Meet Jeanine, a Peer IMPACT Peer Leader Trainer who has been involved with IMPACT for 3 years. Jeanine co-leads Peer IMPACT—our leadership program that brings together middle school students with and without disabilities to challenge bullying and make their school safer.
Jeanine lives in Burlington and in addition to working for Peer IMPACT she attends business school at UMass Lowell with the hope of going into human resources work. She has always been ambitious. In high school, she got involved with EPIC, a program that empowers young people with disabilities to be leaders in making a difference in their communities, as well as InIt, a youth leadership initiative of the YW. Being involved in those programs in addition to attending school and managing 2 sports teams cemented for Jeanine that having a lot on her plate is worth it if the work she’s doing is meaningful.

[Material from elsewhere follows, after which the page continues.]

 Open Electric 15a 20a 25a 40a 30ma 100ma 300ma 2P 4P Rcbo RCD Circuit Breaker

Jeanine and IMPACT:Ability Coordinator Mandy Doyle co-lead Peer IMPACT at the Henderson Inclusion School in Dorchester. Henderson is an inclusive school—students with disabilities are not separated from the other students. Instead, all the students learn and work together in one classroom with several supportive teachers. Jeanine believes in this classroom model: “I think that is really impactful to youth with disabilities because it really makes them realize that their whole life they’re going to have to interact with people who don’t have disabilities and they learn how to figure out and navigate their needs and have the world respect their needs.” It is also beneficial for youth without disabilities, who form learning partnerships and friendships with students they would otherwise have been segregated from.

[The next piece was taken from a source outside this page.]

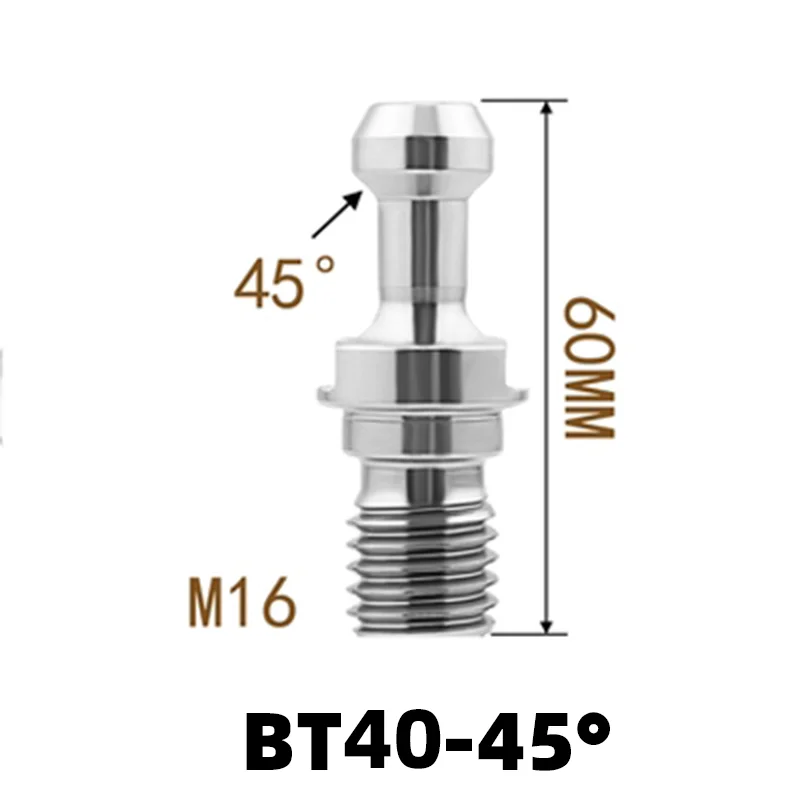 KaKarot Through hole pull nail BT30 BT40 BT50 high precision NC pull nail BT tool handle pull nail 45 ° 60 ° pull nail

Peer IMPACT is a year-long program. Jeanine oversees the work of four high school student peer leaders who were in the program when they were younger. This excites Jeanine: “Think about the schools that have City Year. They’re there all the time and the kids aspire to be a part of City Year. It’d be great if we could have our kids aspire to want to be a part of our program.” The Peer Leaders run team building exercises, self-reflection, and group discussions to foster self-advocacy and peer to peer support, prevent bullying, and build a community of kindness and respect within the school.
Doing work that fosters empathy and strengthens support systems is important to Jeanine. As a person with a disability and occasional anxiety and depression, Jeanine knows how difficult it can be to manage your mental health on top of navigating through an ableist world.
Her advice for anyone struggling with their mental health is to focus on the positives: keep a journal and for every bad thing that happened that day, come up with that many positive things. This exercise in gratitude and self-reflection is actually straight out of the Peer IMPACT curriculum, where every class ends with students coming up with what they liked from the class and what they would change. For both Jeanine and the students, maintaining that balanced perspective can be a sustaining force, made stronger by all the positives of a community dedicated to supporting and including each other.